Friday, August 24, 2012

New Hires at OBU and Elsewhere

Happy new academic year!  You might have come expecting analysis of the Princeton Review report that noted a "glaring complaint" from students: "Lack of communication" from administration.  (Looks like students are unhappy with administrators' answers to questions like "Why are our favorite religion professors disappearing?")  You might also be expecting a continuation of our series on the 2012 Forbes rankings (in which OBU has declined from #109 to #390 during Rev. Dr. David Whitlock's tenure as president).  These posts will be coming soon.

Today we're looking at some items related to new faculty and the search/hire process at Baptist universities.

OBU Announces New Faculty
One of our initial concerns was widespread faculty anger that search committee recommendations based on achievement and promise for future success were being overruled by administrators who prefer to hire based on adherence to fundamentalist dogma.  We received encouraging news in April from sources who predicted that the English department would be able to fill its vacancies without undue pressure from administrators who would impose doctrinal/social/political litmus tests (link to MS Word document) in hiring, which past OBU job candidates faced.

Credit where credit is due: We have received no reports that any of these searches (three in languages, two in teacher education) were tainted by fundamentalist meddling.  Given the outsized impact OBU faculty have on their students, and especially considering the fact that the two English hires are replacing retiring legends, these new Humanities and Social Sciences colleagues have large shoes to fill.  We wish them the best.

Likewise, we were pleased to see three new hires in the Hurley College of Science and Mathematics.  As a person who studied religion, I'm particularly sensitive to the kinds of litmus tests new Bible, theology, and ministry faculty face with Mark McClellan as dean and Stan Norman as provost.  But let's not forget that science faculty could be the next targets.

There was an announcement about new faculty in nursing and fine arts as well.

In the coming weeks, we'll have more to say on the new Hobbs College hire and the process (or lack thereof) used to select him.

Shorter Begins Filling a Bazillion Vacancies
At Shorter University in Rome, GA (about which we've blogged here before), the situation could not be more different.  Shorter is filling dozens of vacancies due to the mass exodus of faculty this year in protest of the university's "lifestyle statement."  The devastation there is the work of Dr. Don Dowless, the puppet president installed to appease the increasingly fundamentalist Georgia Baptist Convention.  I'll let our friends at Save Our Shorter explain the new hires.  Short version: A lot of adjuncts and part-timers got promoted, at least one lesser fundamentalist college faculty got raided, and several handfuls of desperate and/or fundamentalist junior professors signed on.  The accrediting body will let the lifestyle statement slide.  But it might not smile on such an amateurish faculty.
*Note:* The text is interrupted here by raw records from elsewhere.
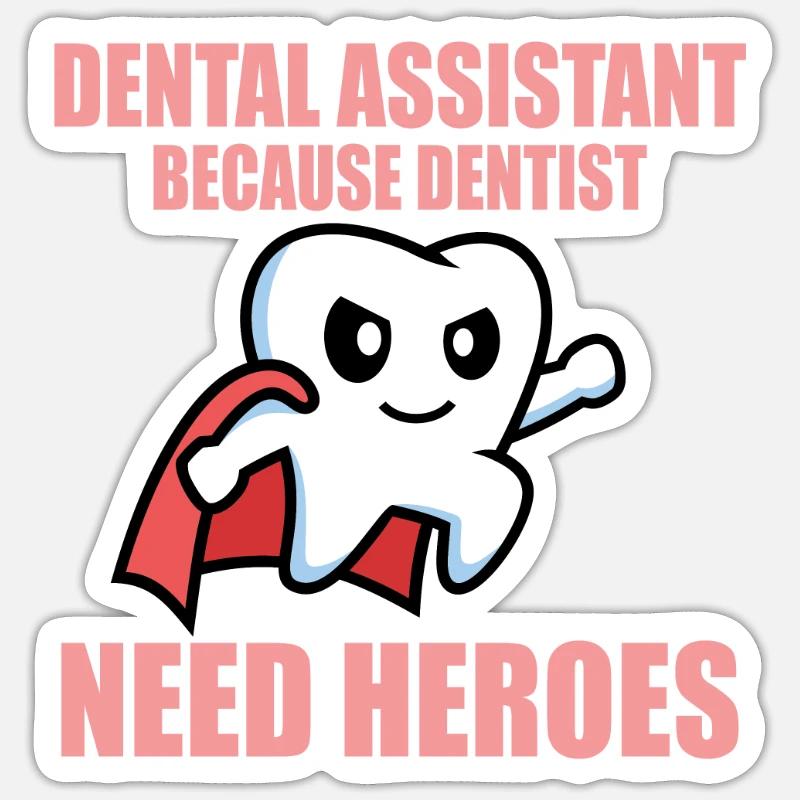 Assistante dentaire - Sticker taille S (10 x 10 cm) - blanc mat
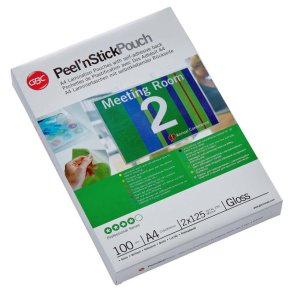 GBC A4 Lamineringslommer - 125 my skinnende selvklb - 100 stk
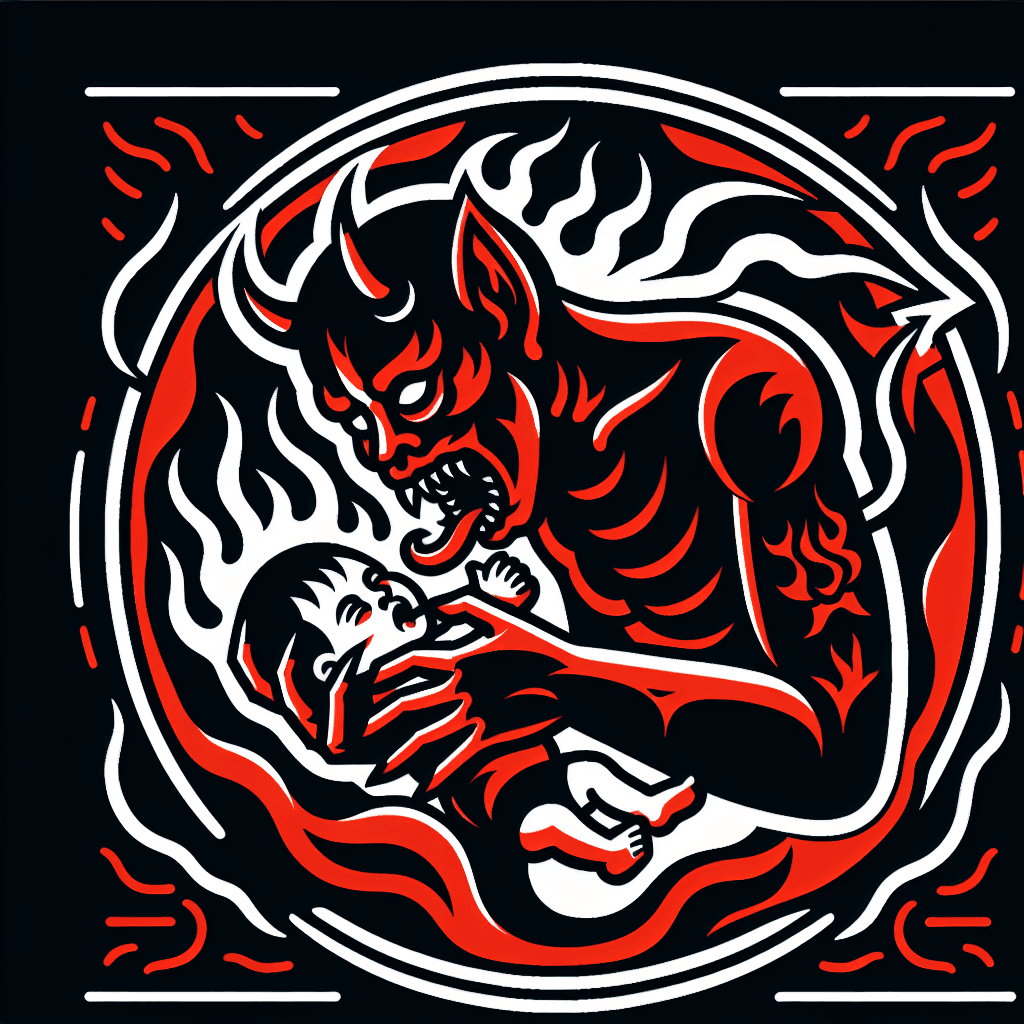 devil eating child's soul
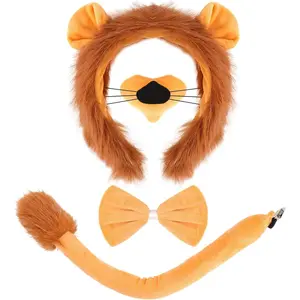 Halloween Animal Costume Accessories Lion Beast Headband Ear Tail Bow Tie Tutu for Children Kids Girls Fancy Dress Up Christmas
Looking at Shorter and other Baptist schools helps us remember two sobering and related facts:

  1. Things could get worse.
  2. They probably will.

Yet as some Baptist schools begin their year with elaborate ceremonies where new faculty are forced to sign creedal statements, we can take comfort in the fact that OBU is still a place where students are free to learn and teachers are free to teach.  But we are mindful of the recent problems and the threat of future encroachments.

Best wishes to everyone on Bison Hill for a great 2012-13 academic year!